• **Exercise goal**: Among the entries below, one line contains "Stilvoller rosa Zebra" and another contains "1025 North Boyd". Transcribe those two lines and every line between them, exactly.

= = =

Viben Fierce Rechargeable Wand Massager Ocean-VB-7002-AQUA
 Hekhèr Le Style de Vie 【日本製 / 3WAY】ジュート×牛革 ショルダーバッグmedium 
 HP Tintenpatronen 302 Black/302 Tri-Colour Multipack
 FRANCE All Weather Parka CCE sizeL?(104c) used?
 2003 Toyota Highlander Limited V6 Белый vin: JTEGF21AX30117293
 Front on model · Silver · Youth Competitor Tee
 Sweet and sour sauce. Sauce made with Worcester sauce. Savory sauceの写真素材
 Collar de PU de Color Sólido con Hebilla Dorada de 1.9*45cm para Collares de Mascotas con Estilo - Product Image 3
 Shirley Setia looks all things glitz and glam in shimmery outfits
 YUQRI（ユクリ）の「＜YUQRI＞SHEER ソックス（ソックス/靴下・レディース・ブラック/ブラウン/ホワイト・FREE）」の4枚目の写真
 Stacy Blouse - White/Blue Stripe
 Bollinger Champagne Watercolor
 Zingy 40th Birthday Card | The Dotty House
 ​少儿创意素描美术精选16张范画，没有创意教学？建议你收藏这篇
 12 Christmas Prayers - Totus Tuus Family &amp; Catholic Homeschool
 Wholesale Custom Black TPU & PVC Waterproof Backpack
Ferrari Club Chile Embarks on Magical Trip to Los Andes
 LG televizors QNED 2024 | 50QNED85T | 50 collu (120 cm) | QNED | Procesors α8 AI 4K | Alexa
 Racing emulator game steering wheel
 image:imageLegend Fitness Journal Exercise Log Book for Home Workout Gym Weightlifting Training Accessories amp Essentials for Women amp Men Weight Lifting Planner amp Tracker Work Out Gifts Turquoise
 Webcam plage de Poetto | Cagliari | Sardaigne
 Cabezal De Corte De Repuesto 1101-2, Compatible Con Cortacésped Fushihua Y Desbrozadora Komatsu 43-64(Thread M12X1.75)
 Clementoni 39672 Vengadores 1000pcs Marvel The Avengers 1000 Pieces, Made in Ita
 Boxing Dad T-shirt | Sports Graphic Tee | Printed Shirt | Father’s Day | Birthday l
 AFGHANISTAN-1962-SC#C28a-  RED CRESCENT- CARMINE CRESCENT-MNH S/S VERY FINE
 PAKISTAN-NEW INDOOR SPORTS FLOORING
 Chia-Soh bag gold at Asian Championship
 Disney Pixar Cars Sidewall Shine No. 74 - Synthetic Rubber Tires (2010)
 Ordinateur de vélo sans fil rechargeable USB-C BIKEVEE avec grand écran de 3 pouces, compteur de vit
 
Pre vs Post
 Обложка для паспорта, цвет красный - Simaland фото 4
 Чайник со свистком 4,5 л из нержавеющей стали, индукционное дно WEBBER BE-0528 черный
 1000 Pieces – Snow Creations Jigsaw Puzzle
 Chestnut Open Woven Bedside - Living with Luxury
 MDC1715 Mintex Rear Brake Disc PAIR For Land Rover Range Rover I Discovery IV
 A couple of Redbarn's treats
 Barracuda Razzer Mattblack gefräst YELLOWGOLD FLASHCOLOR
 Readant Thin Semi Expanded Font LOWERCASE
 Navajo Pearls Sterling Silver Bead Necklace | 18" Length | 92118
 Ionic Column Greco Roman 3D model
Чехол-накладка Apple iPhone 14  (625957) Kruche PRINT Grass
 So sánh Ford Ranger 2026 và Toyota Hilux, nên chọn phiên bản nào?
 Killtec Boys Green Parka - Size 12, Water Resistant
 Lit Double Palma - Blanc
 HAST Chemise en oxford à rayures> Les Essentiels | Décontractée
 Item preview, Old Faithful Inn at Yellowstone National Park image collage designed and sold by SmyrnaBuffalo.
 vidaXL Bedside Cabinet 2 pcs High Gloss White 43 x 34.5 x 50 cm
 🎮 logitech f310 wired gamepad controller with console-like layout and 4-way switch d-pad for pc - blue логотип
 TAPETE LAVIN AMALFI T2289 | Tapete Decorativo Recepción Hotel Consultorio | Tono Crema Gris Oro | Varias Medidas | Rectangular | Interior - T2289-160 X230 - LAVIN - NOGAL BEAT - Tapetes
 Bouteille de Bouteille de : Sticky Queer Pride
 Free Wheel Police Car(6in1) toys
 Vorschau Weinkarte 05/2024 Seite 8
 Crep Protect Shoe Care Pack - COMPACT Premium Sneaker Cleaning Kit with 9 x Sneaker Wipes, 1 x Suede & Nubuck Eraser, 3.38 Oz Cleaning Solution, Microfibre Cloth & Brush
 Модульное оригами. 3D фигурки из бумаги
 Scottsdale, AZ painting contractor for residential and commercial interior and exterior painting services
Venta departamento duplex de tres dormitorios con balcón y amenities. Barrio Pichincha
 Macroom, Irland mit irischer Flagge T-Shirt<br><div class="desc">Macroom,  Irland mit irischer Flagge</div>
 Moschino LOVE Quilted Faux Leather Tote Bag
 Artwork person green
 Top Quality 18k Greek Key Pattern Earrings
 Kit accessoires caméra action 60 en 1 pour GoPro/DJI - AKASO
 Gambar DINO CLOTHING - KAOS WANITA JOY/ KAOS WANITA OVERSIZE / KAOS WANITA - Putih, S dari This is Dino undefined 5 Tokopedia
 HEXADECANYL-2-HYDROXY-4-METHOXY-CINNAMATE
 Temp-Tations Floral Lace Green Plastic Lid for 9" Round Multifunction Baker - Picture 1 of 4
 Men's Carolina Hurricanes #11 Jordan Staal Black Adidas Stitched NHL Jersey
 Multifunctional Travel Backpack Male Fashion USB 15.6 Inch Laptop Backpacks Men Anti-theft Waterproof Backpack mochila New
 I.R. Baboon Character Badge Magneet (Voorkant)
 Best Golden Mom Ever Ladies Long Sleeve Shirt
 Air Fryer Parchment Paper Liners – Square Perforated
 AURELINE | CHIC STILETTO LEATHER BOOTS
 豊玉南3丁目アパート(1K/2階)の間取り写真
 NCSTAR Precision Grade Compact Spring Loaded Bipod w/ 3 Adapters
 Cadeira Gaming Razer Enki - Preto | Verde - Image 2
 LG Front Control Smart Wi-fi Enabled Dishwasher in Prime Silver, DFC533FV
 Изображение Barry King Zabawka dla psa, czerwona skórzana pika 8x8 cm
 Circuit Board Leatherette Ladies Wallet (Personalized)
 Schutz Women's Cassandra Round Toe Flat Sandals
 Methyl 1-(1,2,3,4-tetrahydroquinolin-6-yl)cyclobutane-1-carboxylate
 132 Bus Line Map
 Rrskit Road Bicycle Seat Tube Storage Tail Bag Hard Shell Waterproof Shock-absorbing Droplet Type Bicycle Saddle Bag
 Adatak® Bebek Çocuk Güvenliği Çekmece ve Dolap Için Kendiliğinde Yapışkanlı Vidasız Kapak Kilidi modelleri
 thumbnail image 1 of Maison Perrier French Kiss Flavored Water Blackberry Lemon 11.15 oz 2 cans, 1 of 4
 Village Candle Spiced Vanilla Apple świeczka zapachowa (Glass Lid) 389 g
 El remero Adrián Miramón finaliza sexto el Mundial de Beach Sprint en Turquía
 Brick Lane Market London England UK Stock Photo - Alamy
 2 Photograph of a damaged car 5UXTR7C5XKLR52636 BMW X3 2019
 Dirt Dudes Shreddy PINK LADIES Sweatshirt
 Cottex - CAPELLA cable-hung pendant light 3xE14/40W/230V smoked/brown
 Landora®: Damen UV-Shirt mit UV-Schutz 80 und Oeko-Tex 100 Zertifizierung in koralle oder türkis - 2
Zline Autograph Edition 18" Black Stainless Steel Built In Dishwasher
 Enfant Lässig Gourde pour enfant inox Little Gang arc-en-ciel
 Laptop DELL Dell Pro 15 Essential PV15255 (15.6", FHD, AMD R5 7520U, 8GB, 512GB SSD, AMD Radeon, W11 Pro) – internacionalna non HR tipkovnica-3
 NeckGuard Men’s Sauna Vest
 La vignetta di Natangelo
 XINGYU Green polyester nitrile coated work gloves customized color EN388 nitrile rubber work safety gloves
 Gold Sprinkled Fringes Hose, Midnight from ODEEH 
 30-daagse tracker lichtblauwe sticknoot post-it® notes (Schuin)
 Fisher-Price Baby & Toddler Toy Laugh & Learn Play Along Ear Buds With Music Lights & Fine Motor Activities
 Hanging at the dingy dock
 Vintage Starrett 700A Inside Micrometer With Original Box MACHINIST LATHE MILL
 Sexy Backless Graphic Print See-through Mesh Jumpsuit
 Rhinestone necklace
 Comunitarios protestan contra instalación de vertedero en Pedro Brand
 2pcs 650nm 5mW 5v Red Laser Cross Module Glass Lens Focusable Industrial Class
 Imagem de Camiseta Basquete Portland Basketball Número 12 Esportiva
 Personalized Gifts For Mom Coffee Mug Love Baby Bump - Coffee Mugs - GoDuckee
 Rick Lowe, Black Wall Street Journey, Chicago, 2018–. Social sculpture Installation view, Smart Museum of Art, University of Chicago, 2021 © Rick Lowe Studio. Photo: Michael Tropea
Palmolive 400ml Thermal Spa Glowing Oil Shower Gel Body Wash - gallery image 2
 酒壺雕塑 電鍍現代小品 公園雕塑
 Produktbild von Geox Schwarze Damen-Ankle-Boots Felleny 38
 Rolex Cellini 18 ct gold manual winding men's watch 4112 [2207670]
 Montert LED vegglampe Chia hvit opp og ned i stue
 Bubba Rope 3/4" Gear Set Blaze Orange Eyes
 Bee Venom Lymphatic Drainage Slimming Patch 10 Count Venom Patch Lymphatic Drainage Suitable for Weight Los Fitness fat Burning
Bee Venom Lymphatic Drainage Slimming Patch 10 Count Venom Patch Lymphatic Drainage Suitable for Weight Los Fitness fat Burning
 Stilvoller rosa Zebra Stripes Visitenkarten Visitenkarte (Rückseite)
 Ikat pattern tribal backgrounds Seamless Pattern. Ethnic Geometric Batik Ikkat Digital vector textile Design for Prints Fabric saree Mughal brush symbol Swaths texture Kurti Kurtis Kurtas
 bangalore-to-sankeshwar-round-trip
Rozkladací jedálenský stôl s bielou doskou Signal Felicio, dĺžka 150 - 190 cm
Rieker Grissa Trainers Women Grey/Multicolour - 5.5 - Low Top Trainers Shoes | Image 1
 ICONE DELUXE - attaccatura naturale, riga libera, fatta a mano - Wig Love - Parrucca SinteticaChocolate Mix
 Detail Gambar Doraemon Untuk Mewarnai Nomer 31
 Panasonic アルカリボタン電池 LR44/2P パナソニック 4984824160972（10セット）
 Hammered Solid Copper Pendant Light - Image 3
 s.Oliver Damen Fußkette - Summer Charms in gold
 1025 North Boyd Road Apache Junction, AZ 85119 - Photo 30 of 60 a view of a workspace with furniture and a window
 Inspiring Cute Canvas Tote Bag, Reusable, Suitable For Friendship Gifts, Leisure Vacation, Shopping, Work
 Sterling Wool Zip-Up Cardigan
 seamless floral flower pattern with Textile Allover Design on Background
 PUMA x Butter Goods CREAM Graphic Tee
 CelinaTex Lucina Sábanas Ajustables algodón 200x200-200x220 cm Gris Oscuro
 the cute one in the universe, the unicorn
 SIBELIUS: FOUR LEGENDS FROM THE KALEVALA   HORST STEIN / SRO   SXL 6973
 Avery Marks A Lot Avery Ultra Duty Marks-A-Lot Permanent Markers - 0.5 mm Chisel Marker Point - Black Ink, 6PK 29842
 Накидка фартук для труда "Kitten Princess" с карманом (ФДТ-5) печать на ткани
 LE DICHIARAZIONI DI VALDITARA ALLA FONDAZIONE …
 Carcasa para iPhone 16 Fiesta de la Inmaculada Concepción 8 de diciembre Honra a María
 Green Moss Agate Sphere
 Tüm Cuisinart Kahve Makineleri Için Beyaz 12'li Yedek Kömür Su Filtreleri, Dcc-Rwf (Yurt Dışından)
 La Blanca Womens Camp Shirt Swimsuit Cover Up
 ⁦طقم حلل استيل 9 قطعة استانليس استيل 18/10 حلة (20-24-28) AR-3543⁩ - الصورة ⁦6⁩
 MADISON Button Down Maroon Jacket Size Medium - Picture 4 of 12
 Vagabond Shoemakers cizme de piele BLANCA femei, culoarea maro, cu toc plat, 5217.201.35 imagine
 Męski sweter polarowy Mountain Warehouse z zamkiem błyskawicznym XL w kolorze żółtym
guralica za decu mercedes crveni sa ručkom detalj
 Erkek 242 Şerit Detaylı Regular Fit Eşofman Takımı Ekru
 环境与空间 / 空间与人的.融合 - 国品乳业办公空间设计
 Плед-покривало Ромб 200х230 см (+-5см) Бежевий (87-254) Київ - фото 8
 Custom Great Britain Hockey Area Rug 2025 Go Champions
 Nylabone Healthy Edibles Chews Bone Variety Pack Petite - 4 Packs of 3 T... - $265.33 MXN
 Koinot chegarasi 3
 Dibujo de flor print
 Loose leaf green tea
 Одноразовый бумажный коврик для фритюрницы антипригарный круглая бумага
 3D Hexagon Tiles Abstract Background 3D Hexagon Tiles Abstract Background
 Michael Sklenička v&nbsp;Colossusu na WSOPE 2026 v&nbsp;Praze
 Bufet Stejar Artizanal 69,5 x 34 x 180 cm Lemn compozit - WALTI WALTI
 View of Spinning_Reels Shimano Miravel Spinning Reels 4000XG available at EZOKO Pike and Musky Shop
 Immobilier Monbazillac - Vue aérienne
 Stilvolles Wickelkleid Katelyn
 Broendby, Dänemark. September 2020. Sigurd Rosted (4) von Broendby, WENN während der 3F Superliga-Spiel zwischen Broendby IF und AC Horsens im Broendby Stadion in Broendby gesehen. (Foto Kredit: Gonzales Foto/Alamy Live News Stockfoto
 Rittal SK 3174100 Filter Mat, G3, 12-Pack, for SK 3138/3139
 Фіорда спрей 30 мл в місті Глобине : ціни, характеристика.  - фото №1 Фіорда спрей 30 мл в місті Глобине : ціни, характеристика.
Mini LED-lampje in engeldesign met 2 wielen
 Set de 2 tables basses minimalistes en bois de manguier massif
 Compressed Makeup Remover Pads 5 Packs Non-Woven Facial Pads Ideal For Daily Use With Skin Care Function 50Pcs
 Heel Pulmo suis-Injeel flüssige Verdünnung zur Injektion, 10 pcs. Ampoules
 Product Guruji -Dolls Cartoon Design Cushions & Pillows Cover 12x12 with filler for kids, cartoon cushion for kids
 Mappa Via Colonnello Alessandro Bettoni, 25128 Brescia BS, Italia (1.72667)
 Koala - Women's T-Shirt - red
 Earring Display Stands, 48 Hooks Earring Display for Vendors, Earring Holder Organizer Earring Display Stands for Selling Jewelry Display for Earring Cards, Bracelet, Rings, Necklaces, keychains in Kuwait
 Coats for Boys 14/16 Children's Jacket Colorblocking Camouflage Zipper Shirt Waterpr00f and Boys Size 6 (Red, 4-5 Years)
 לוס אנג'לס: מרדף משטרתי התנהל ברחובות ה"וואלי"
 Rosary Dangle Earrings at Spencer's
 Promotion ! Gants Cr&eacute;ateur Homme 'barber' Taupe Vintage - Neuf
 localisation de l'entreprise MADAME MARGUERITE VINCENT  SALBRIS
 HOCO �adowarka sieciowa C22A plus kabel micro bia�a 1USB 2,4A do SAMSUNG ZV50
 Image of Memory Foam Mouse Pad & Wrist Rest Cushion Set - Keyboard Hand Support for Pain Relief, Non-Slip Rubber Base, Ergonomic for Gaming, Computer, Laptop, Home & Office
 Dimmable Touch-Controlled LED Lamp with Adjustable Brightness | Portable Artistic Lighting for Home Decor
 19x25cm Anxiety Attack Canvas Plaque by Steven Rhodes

= = =

• **Problem solution**:
 Stilvoller rosa Zebra Stripes Visitenkarten Visitenkarte (Rückseite)
 Ikat pattern tribal backgrounds Seamless Pattern. Ethnic Geometric Batik Ikkat Digital vector textile Design for Prints Fabric saree Mughal brush symbol Swaths texture Kurti Kurtis Kurtas
 bangalore-to-sankeshwar-round-trip
Rozkladací jedálenský stôl s bielou doskou Signal Felicio, dĺžka 150 - 190 cm
Rieker Grissa Trainers Women Grey/Multicolour - 5.5 - Low Top Trainers Shoes | Image 1
 ICONE DELUXE - attaccatura naturale, riga libera, fatta a mano - Wig Love - Parrucca SinteticaChocolate Mix
 Detail Gambar Doraemon Untuk Mewarnai Nomer 31
 Panasonic アルカリボタン電池 LR44/2P パナソニック 4984824160972（10セット）
 Hammered Solid Copper Pendant Light - Image 3
 s.Oliver Damen Fußkette - Summer Charms in gold
 1025 North Boyd Road Apache Junction, AZ 85119 - Photo 30 of 60 a view of a workspace with furniture and a window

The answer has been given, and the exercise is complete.